His music also made it to stage, film, and TV, such as the song "Raindrops Keep Falling on My Head" for Butch Cassidy and the Sundance Kid and the scores for Casino Royale (1967) and Arthur (1981). Along with David and producer David Merrick, he also wrote the musical Promises, Promises.

While he was classically trained, Bacharach also incorporated plenty of jazz into his music, which is occasionally characterized as "easy listening".

He also appeared As Himself in various works like Austin Powers, Nip/Tuck, and The Nanny.

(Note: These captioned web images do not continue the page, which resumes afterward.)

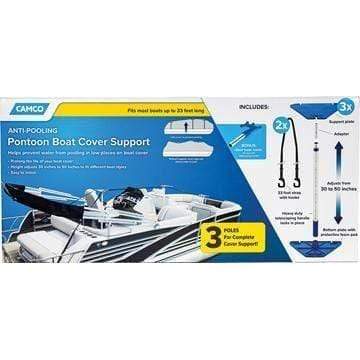 Camco Qualifies for Free Shipping Camco Pontoon Boats up to 33' #41971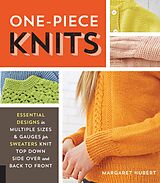 eBook (epub) One-Piece Knits de Margaret Hubert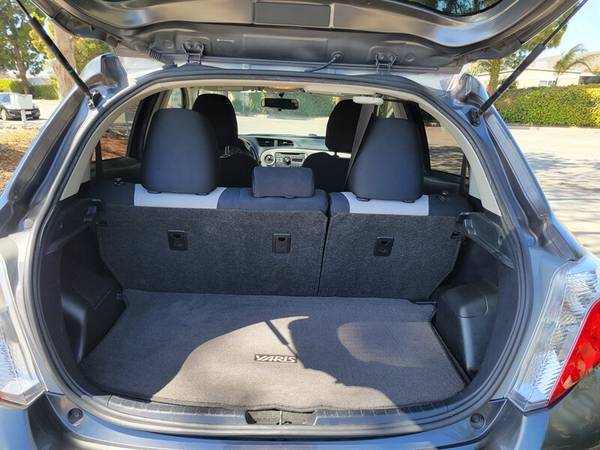 2012 Toyota Yaris - Bluetooth/Aux Input - - by dealer for sale in San Luis Obispo, CA – photo 12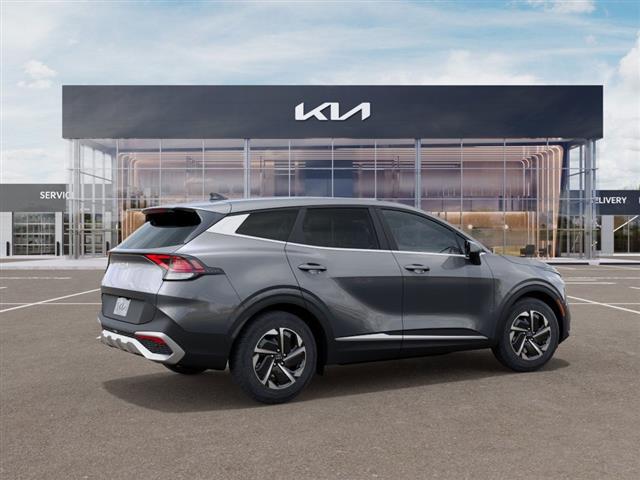 New 2025 Sportage Hybrid LX image 6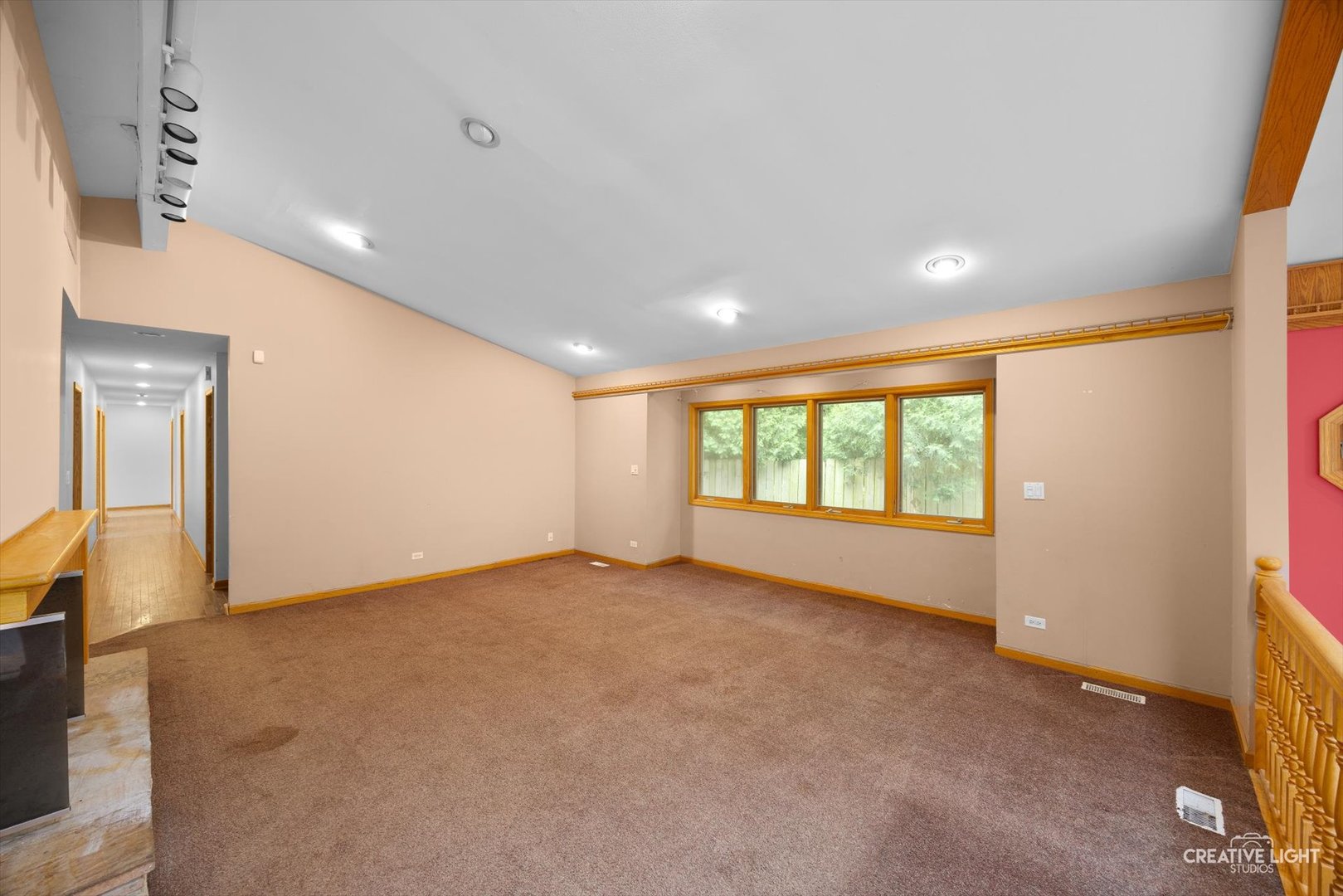 1325 East Lake Avenue Glenview, IL 60025 - Photo 16 of 43 a view of an empty room with a window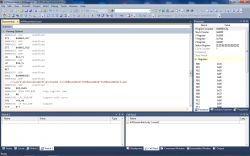 chaos przy deassemblacji m32 jtag avr dragon (avr studio 4 oraz 5.1)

He was married four times (to actresses Paula Stewart and Angie Dickinson, lyricist Carole Bayer Sager, and ski instructor Jane Hansen) and had four children (a daughter with Dickinson, an adopted son with Sager, a son and daughter with Hansen). He published a candid memoir called Anyone Who Had a Heart in 2013, with much of it devoted to his relationship with his eldest daughter Nikki, who struggled with a serious case of Asperger Syndrome before taking her own life in 2007.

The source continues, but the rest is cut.